- [THE PROBLEM]
Could you repeat the records below exactly, leaving out any pictures?

- [DATA LISTING]
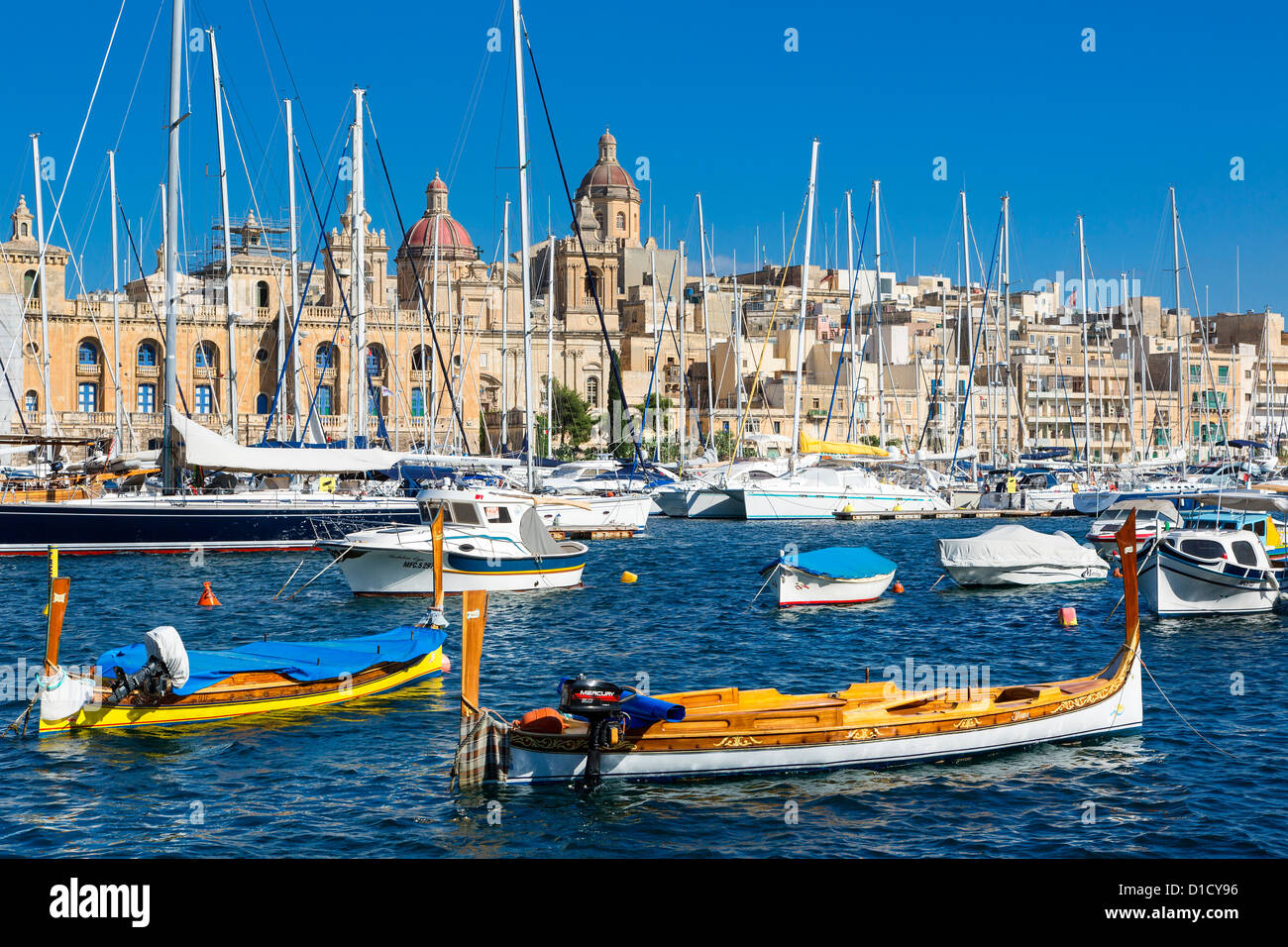 Malta, Vittoriosa Hafen Stockfoto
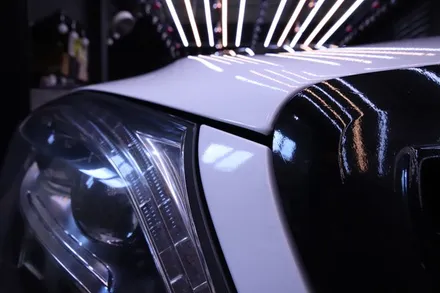 대구랩핑 W222 S클래스(S63AMG) 화이트전체랩핑 / 대구 구미
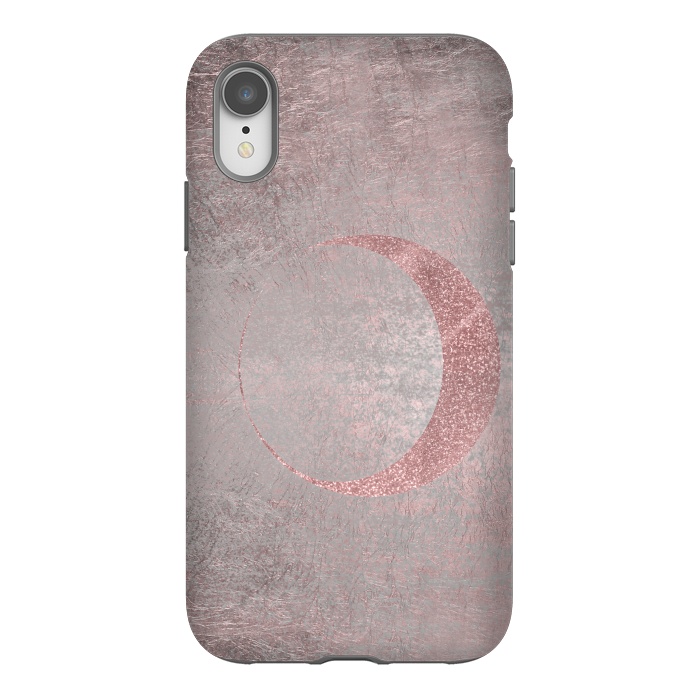 iPhone Xr StrongFit Rose Gold Half Moon 2 by Andrea Haase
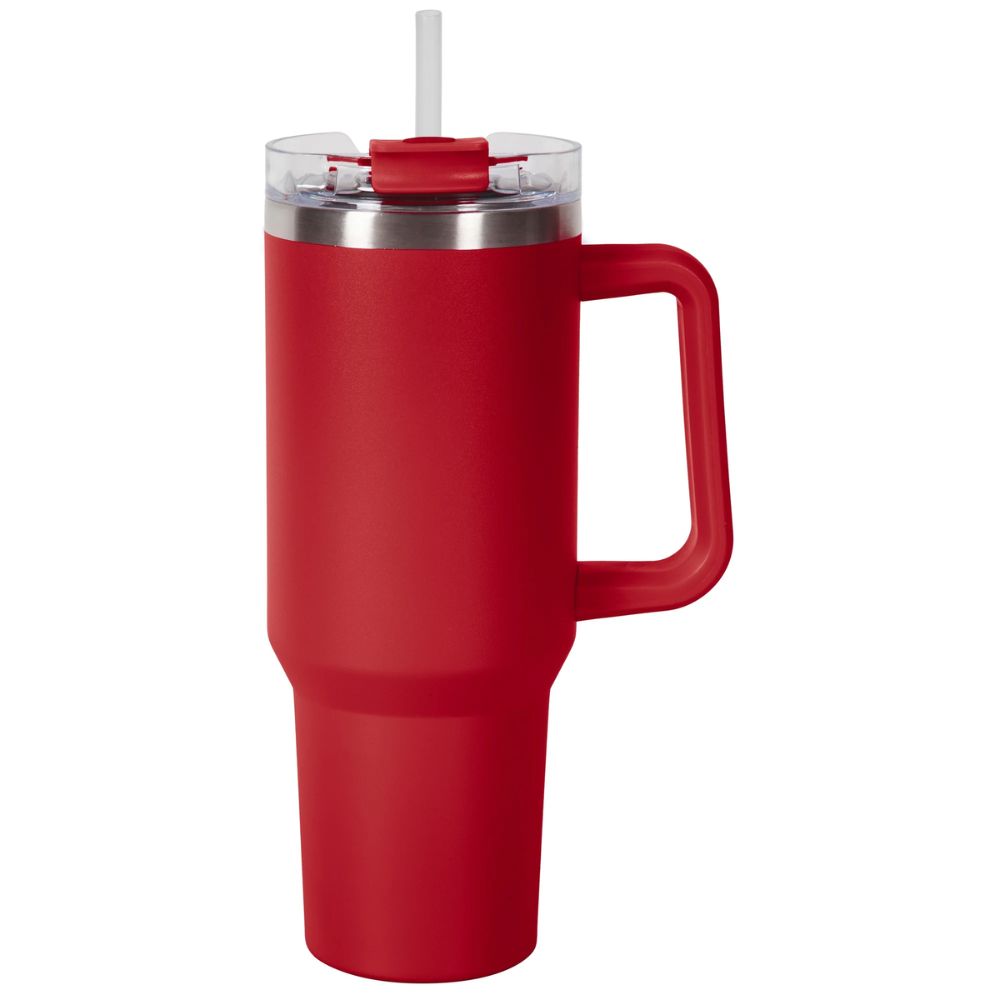 Fifty Fifty Insulated Mug 1.2L (Garnet)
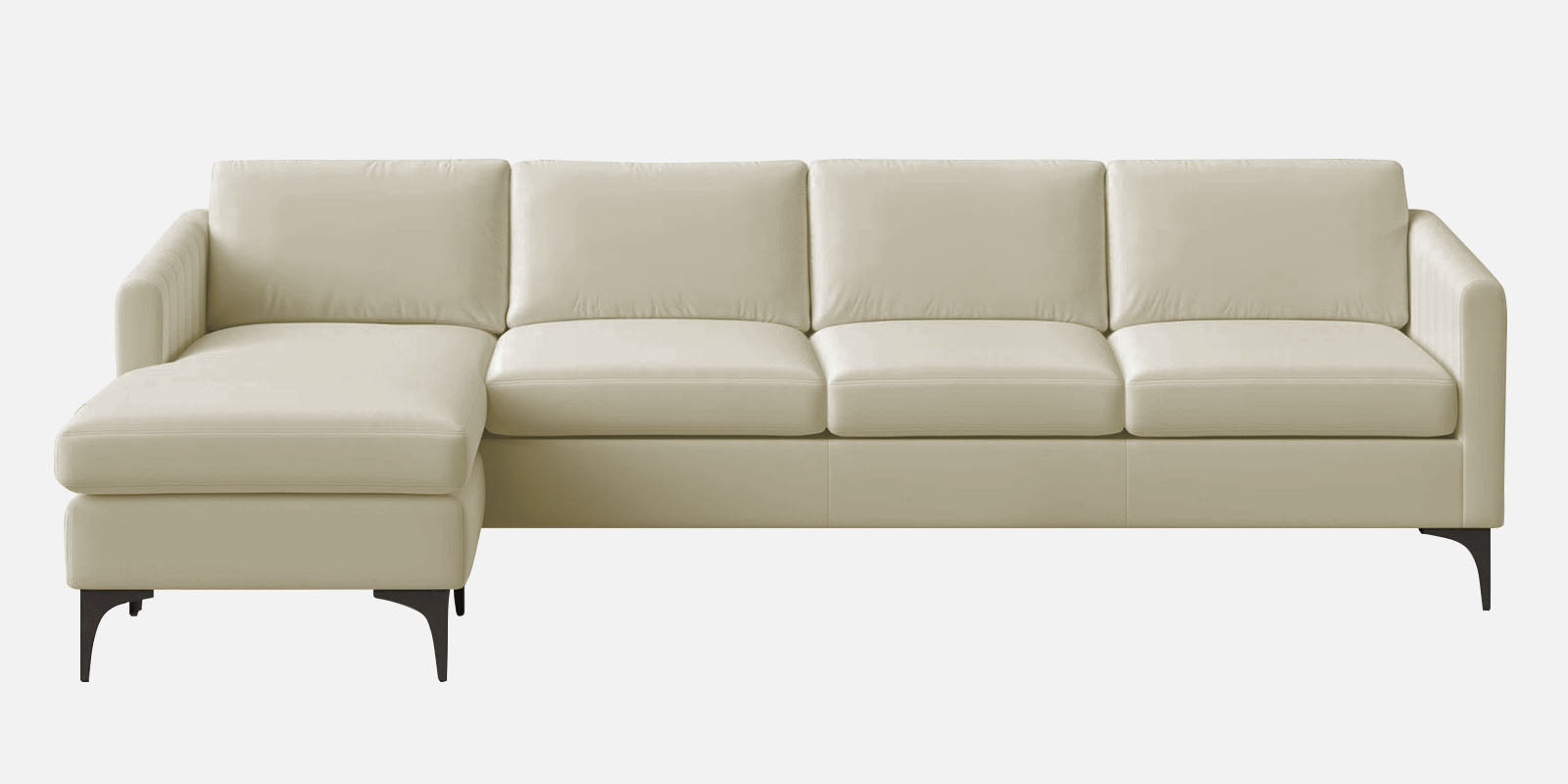 Haru Fabric RHS Sectional Sofa (3+Lounger) In Warm White Colour - Febonic Living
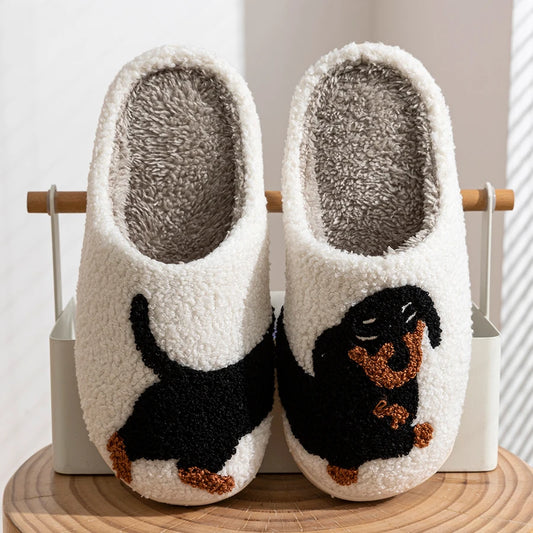 Winter Women's Slippers - Little Black Dog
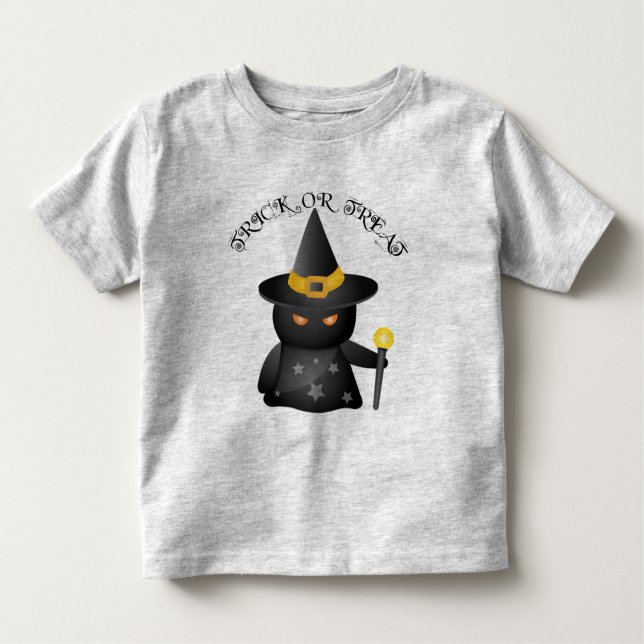 Camiseta Infantil T do Dia das Bruxas da bruxa (Frente)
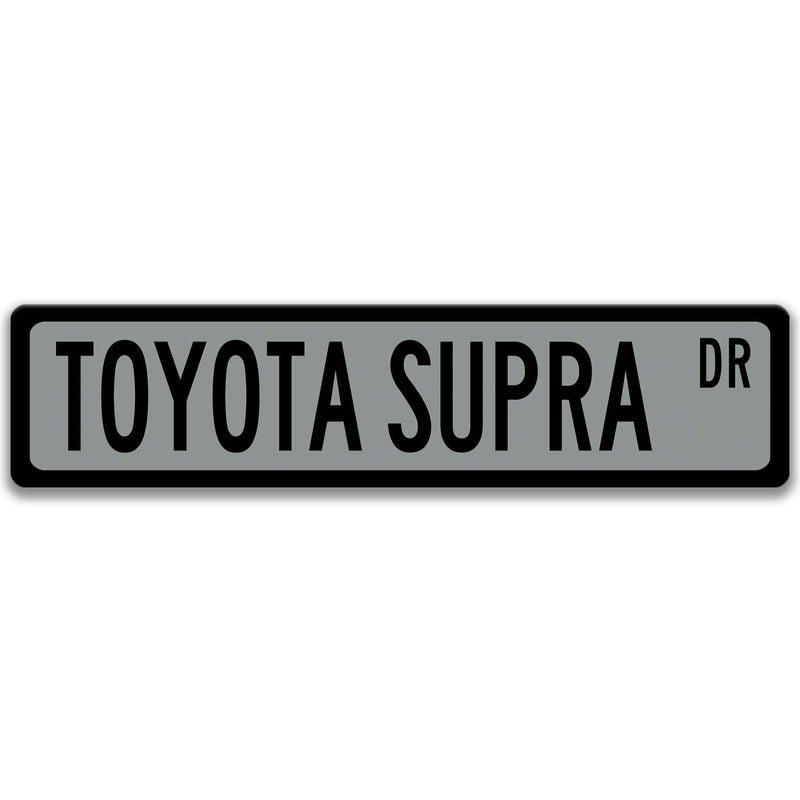 Toyota Supra Street Sign - Designs by Linda Nee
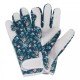 Dámské kožené rukavice se suchým zipem - modré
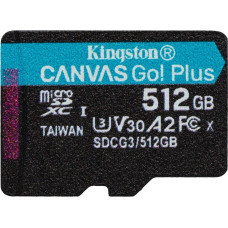 Kingston Mikro SD Atmiņas karte ar Adapteri Kingston SDCG3/512GBSP 512 GB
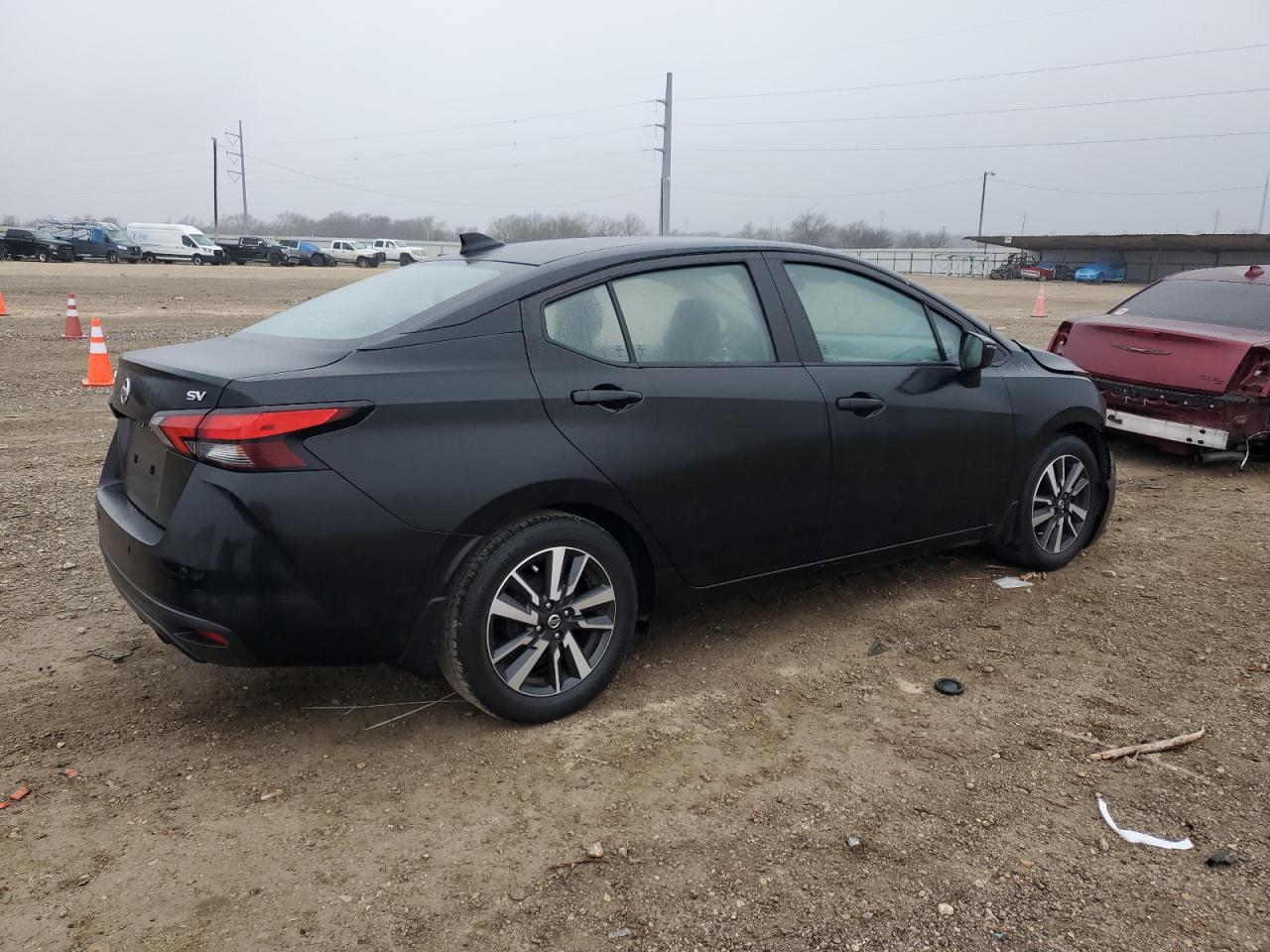 2020 Nissan Versa VIN 3N1CN8EVXLL901498 Copart auction photo, front end damage thumbnail 3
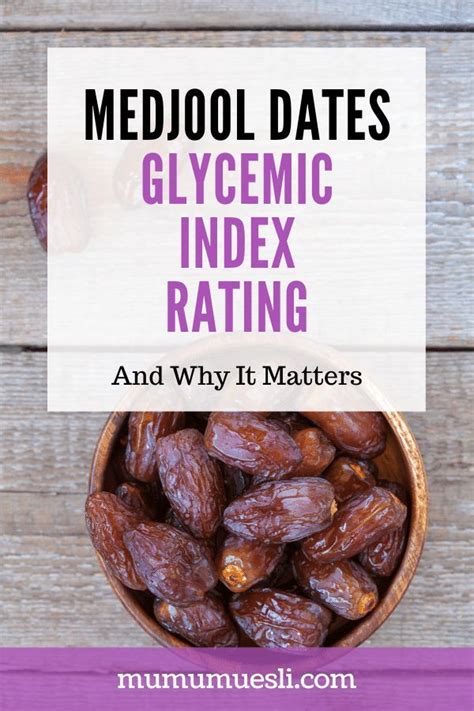 Carbohydrates have a low glycemic index (gi) if they raise glucose, or blood sugar, levels more slowly than other carbohydrates do. Dates Glycemic Index Archives ⋆ Mu Mu Muesli in 2020 | Low ...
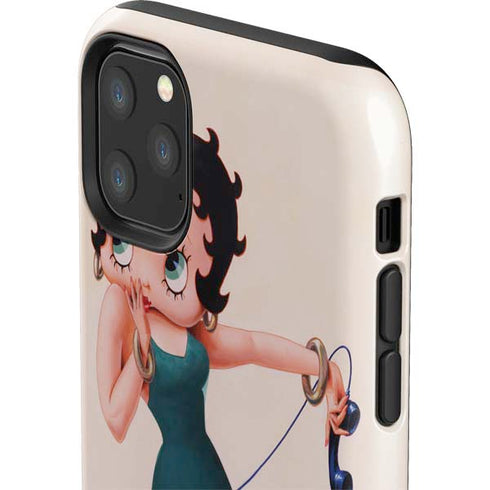 Betty Boop On the Phone iPhone 11 Pro Max Impact Case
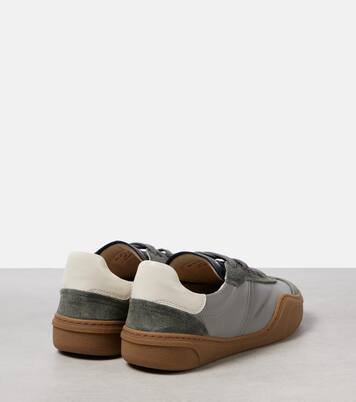 Baskets Bars en cuir et daim | Acne Studios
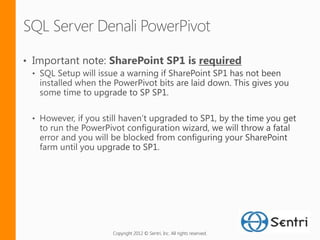 SharePoint SP1 is required




Copyright 2012 © Sentri, Inc. All rights reserved.
 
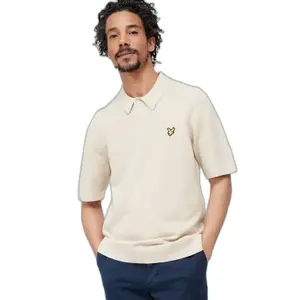 Polo de malla con textura Lyle & Scott image-0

- [REPLY]
 Malta, Vittoriosa Hafen Stockfoto
 대구랩핑 W222 S클래스(S63AMG) 화이트전체랩핑 / 대구 구미
 iPhone Xr StrongFit Rose Gold Half Moon 2 by Andrea Haase
 Fifty Fifty Insulated Mug 1.2L (Garnet)
 Haru Fabric RHS Sectional Sofa (3+Lounger) In Warm White Colour - Febonic Living
 Winter Women's Slippers - Little Black Dog
 Camiseta Infantil T do Dia das Bruxas da bruxa (Frente)
 Toyota Supra Street Sign - Designs by Linda Nee
 Dámské kožené rukavice se suchým zipem - modré
 Kingston Mikro SD Atmiņas karte ar Adapteri Kingston SDCG3/512GBSP 512 GB
 2020 Nissan Versa VIN 3N1CN8EVXLL901498 Copart auction photo, front end damage thumbnail 3
 Carbohydrates have a low glycemic index (gi) if they raise glucose, or blood sugar, levels more slowly than other carbohydrates do. Dates Glycemic Index Archives ⋆ Mu Mu Muesli in 2020 | Low ...
 Betty Boop On the Phone iPhone 11 Pro Max Impact Case
 Baskets Bars en cuir et daim | Acne Studios
 SharePoint SP1 is required




Copyright 2012 © Sentri, Inc. All rights reserved.
 
 Polo de malla con textura Lyle & Scott image-0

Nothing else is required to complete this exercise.